1. Catskill Red Shale

This is typical of the part of Fallsburg I've been working in for the past year. Roads and driveways often sit directly on top of the bedrock stone. 

The most common rock types in the area are bluestone and a reddish shale.  

When side-by-side, the blue sandstone takes on a bright green.

The shale - it's violet, pink, maroon, brick, brown and orange.

Puddles after a storm are blood red. As they evaporate, a dark red clay silt remains.
Shale = silt stone. These puddles were the prime places to hunt for clay. It was a frustrating process - there just were too few puddles. Instead, I decided to try to refine mud collected at the base of red shale outcrops. Three 5-gallon buckets of mud traveled back to Philly with me. 

This was the beginning. The next step: refining.  


To extract clay from the soil collected, first, sift the dirt through a sieve made of 1/4" hardware cloth. This will take out large rocks, sticks, etc.  If it catches large dried clumps of dirt, break them up by crushing them or pouring water through the sieve. This will also help to remove any clay from the sticks and rocks, transferring it to the more refined material in the bucket below.
Mix water into the sifted material (at least a 50/50 mix) and stir it to suspend the clay particles. Use your hands to squeeze clumps of clay so the particles will blend with the liquid. Pour this slurry in small batches through a finer sieve into a clean bucket below. Early on, I just used kitchenware for this sieve - an oil-spatter screen.  You'll have to mush clumps through the screening, then rinse through with more water. You'll be left with a fine clay mix in the bucket below. Small rocks etc. will be caught in the sieve. Clean out the sieve frequently, and be careful to not contaminate the mixture below with what you've just sifted out.  I sifted the material one additional time through a very fine piece of screen material, leaving nothing but silt and water.
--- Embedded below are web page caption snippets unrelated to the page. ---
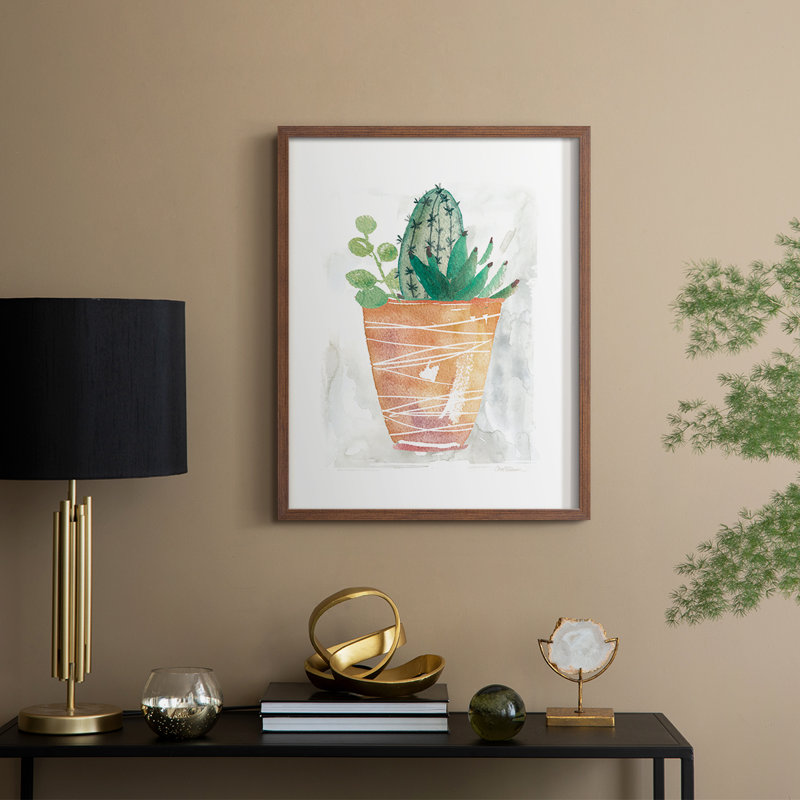 Boho Cactus, reproduction encadrée - bois massif, Noyer, H 11 po x l 9 po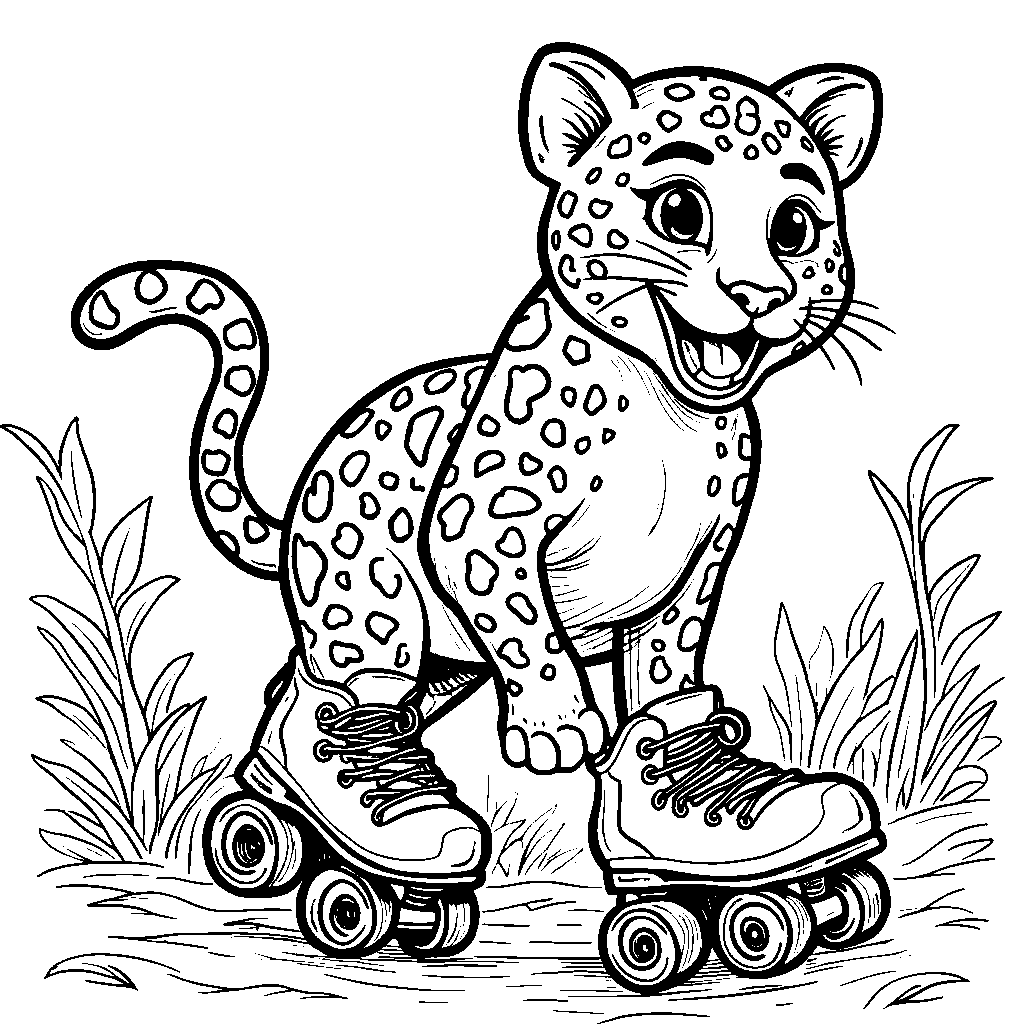 Jaguar wearing a pair of roller skates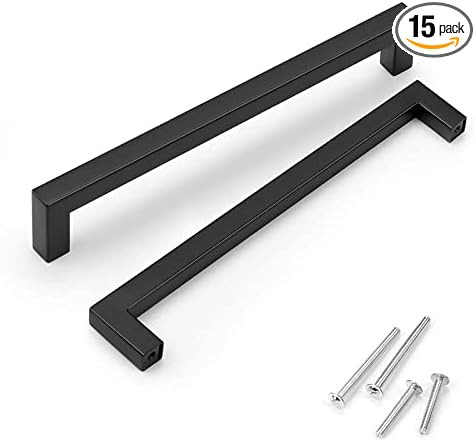 KNOBWELL 15 Pack Black Stainless Steel Cabinet Handles Kitchen Drawer Pulls, Euro Style Kitchen C... | Amazon (US)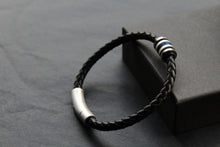 Load image into Gallery viewer, Black Leather Bracelet with Matte &amp; Polished Blue IP Steel Element
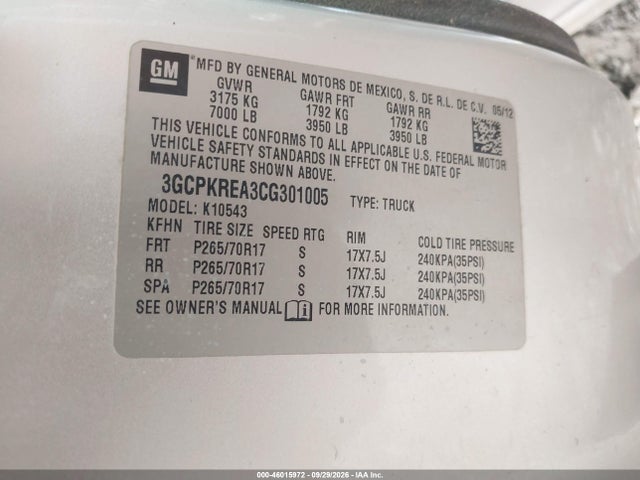 Aukcja sprzedaży 2012 Chevrolet Silverado 1500 Ls, vin: 3GCPKREA3CG301005, numer aukcji: 46015972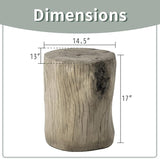 SUNBURY Outdoor Side Table Set of 2, Tree Stump Side Table Grey Colored Faux Wood, End Table Wood Stump Stool - Photo 3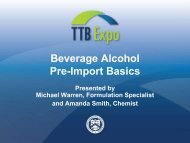 Beverage Alcohol Pre-Import Basics - TTB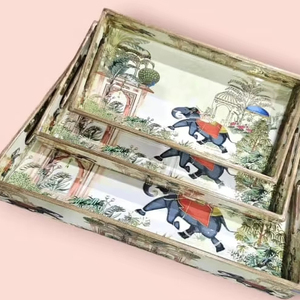 Ensemble de plateaux en bois de luxe avec impression en émail Art déco Plateaux à motifs de plantes imbriquées Décoration intérieure écologique Salle à manger Service polyvalent - Product Image 1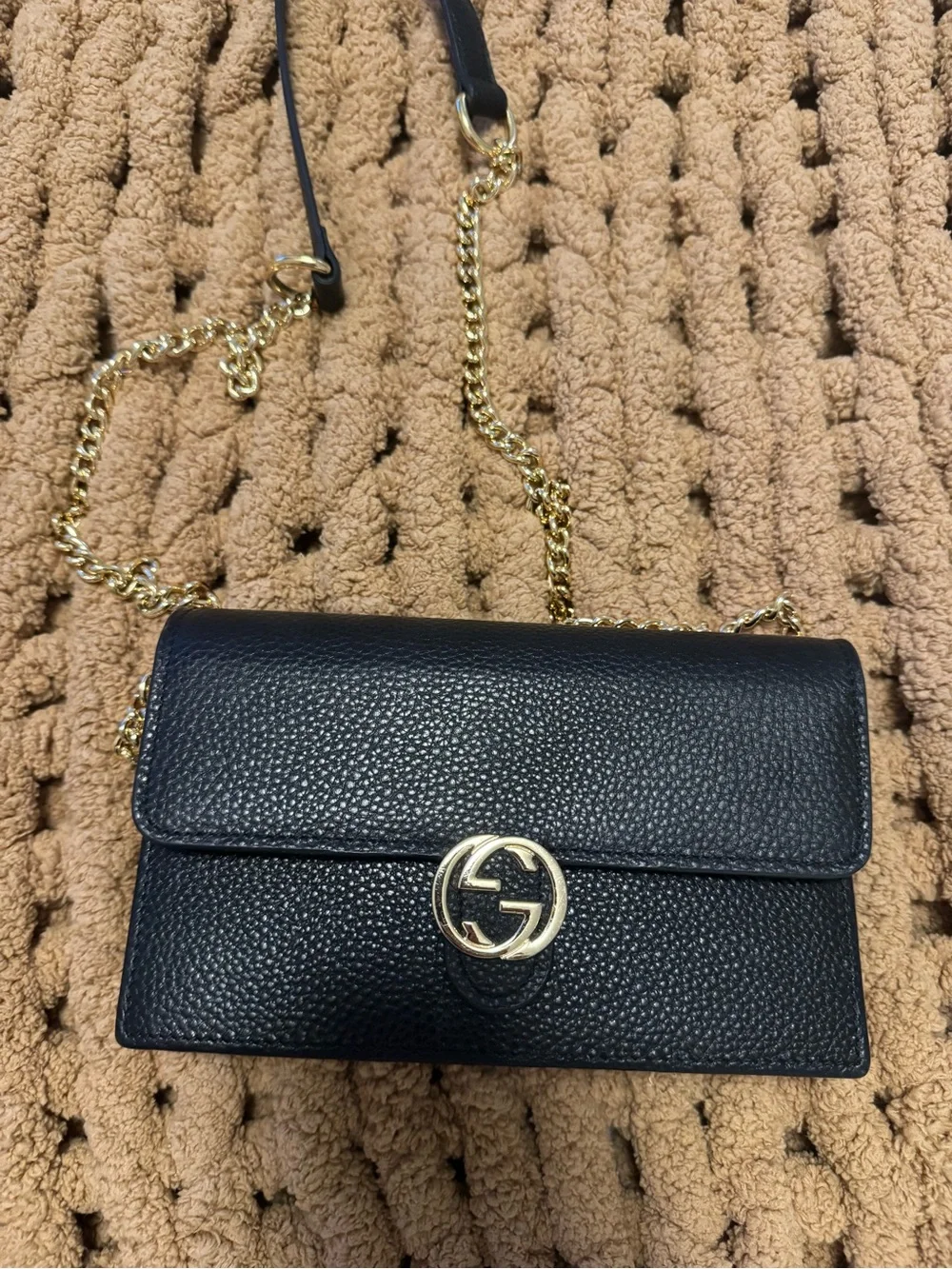 Black Leather Crossbody Bag with Gold Logo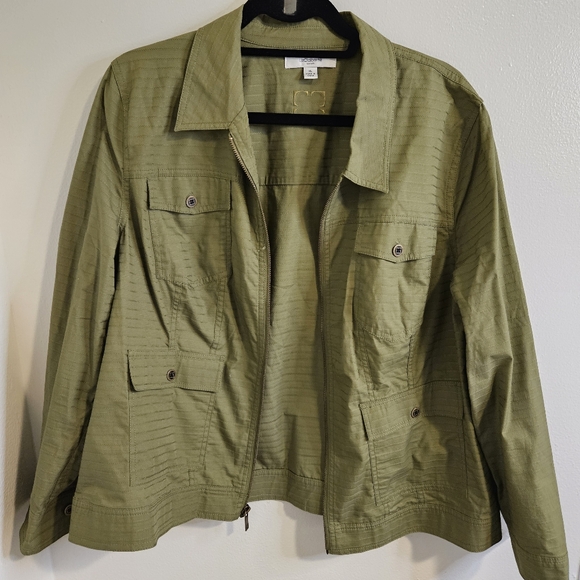 Liz Claiborne Jackets & Blazers - Liz Claiborne Miliary Camo Style Jacket Olive Green with Pockets Size XL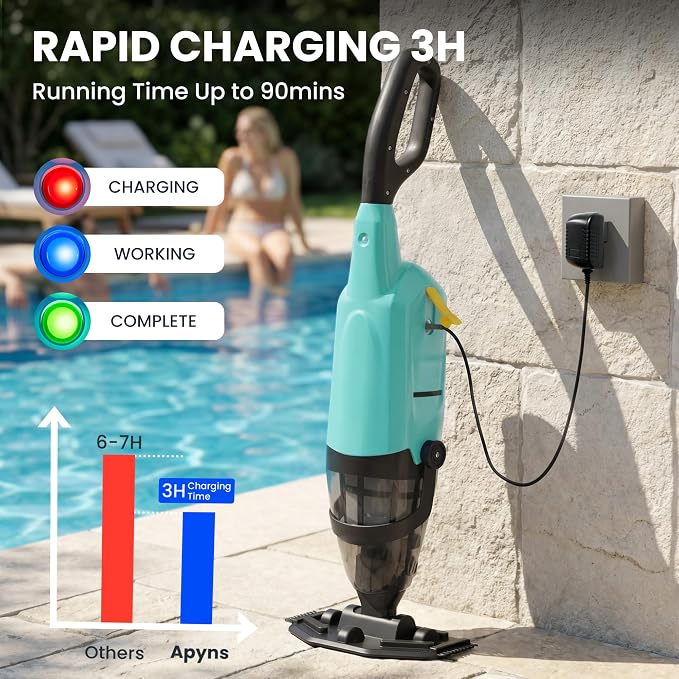 Cordless Pool Vacuum for Abound Pools & Hot Tubs, Removes Leaves Sand Debris, 18GPM Powerful Suction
Let the bucket sit for a day. The silt will settle to the bottom of the bucket, and the water can be siphoned off the top.  If you do this every day for about 4-5 days, you'll be left with a thickened slip, which can be poured onto a plaster bat to dry.
The plaster will draw water out of the material.  This is my first sample. Once it was dry enough to hold together, after experimenting with it a bit, it seemed to have potential as a workable clay.

Making a larger batch, cracks appeared in the drying process - a sign that there wasn't enough elasticity to be a workable material.
I've been mentored throughout this projects by ceramicist friends, both guilty of having encouraged my interest in clay over the past few years: Beverly Fisher and Tiernan Alexander. Tiernan took this material back to her studio to experiment with ways to increase the elasticity. She came up with a number of options, and mixed sample batches.

Next step: Firing.

After making a number of sample clay bodies and slips, they were dried and bisque fired. The results displayed a range of colors, textures and levels of strength.

During this time, I began to think about what should be made with the stuff, and wondered if it was food safe.  As I researched the chemical elements in Marcellus shale, I learned that it is a black shale. This material was not Marcellus.

Now I know how to make clay from Catskill Red Shale...not exactly what I thought I was doing, but I'll take it.

The next challenge was to find Marcellus shale.